━━━ DATA BELOW ━━━
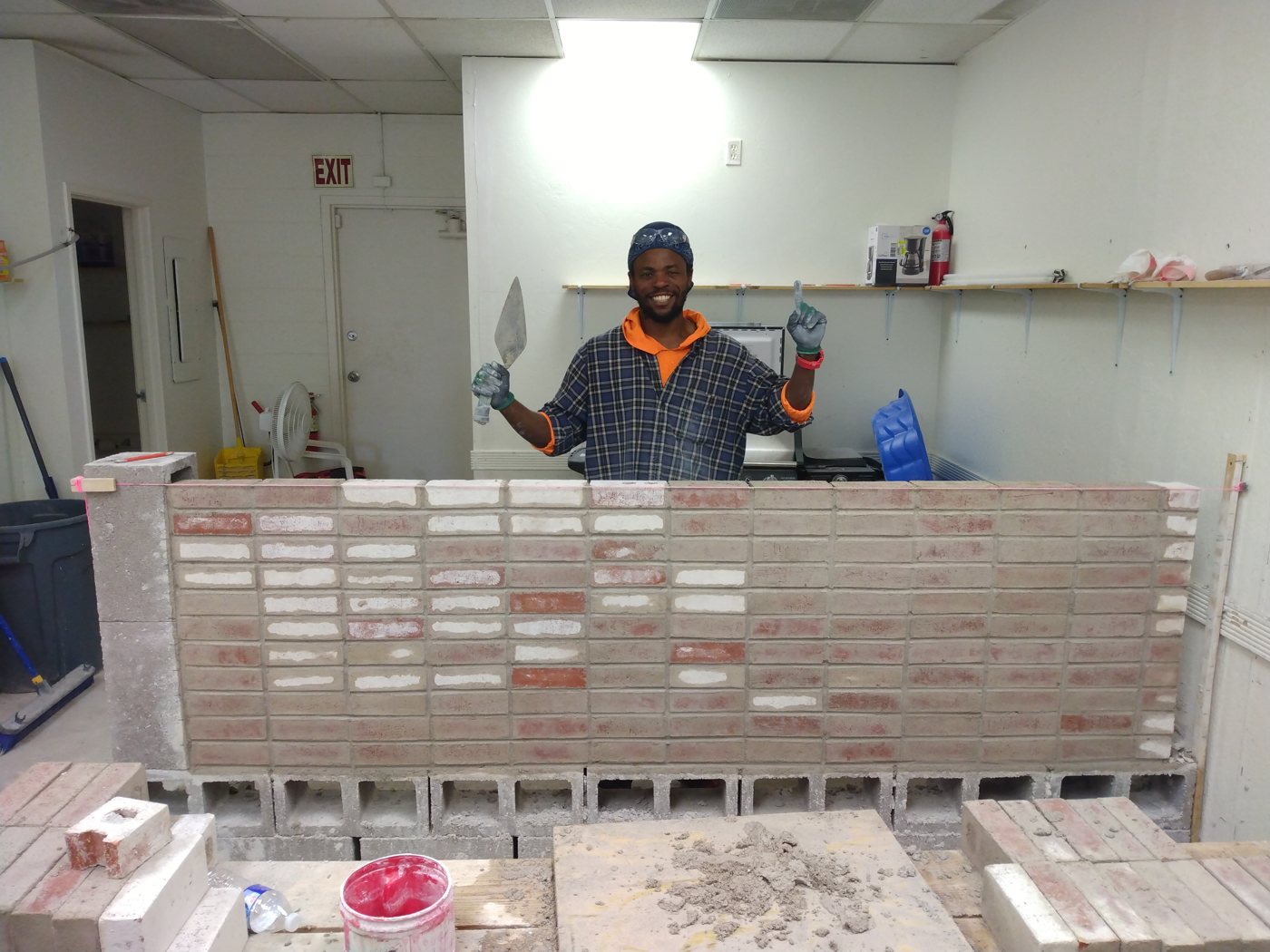 Student with a masonry practice project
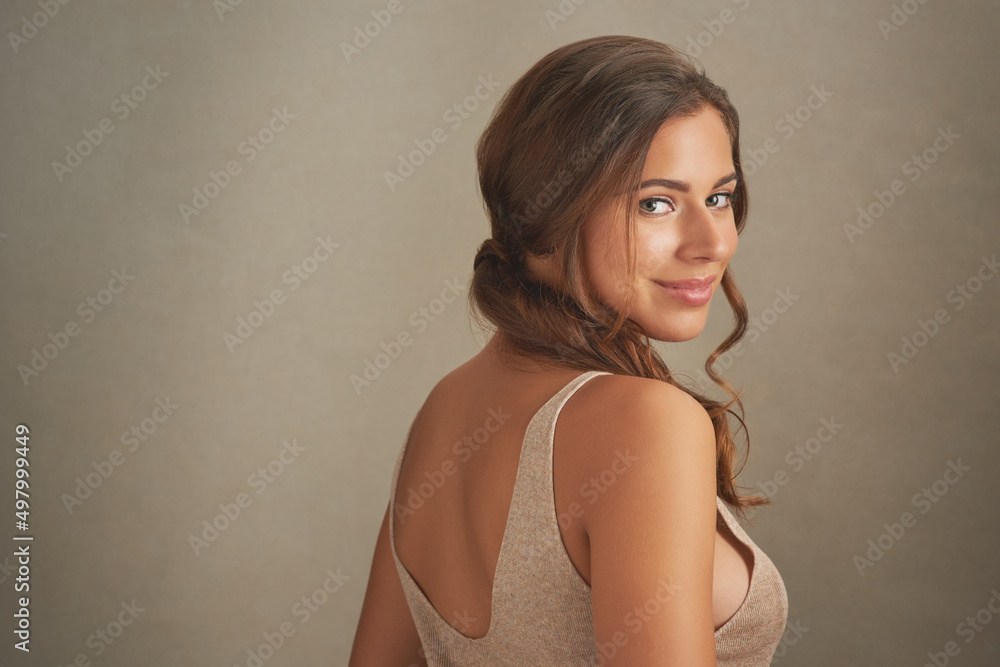 You are enough. Studio shot of an attractive young woman posing against a brown background. You are enough. Studio shot of an attractive young woman posing against a brown background.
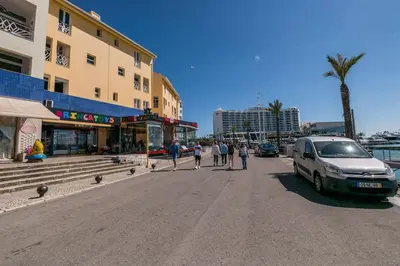 a street with a van parked next to a building at LovelyStay - Two Bedroom Duplex at Vilamoura Marina in Vilamoura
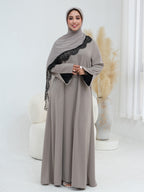 A woman wearing a floor-length taupe abaya dress with black lace trim along the shoulder and black fabric-covered cuffs, paired with a matching hijab, standing in a bright white interior with decorative pampas grass.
━━━
Could you return the entire listing above verbatim while dropping each picture?

 Student with a masonry practice project
 You are enough. Studio shot of an attractive young woman posing against a brown background. You are enough. Studio shot of an attractive young woman posing against a brown background.
 a street with a van parked next to a building at LovelyStay - Two Bedroom Duplex at Vilamoura Marina in Vilamoura
 A woman wearing a floor-length taupe abaya dress with black lace trim along the shoulder and black fabric-covered cuffs, paired with a matching hijab, standing in a bright white interior with decorative pampas grass.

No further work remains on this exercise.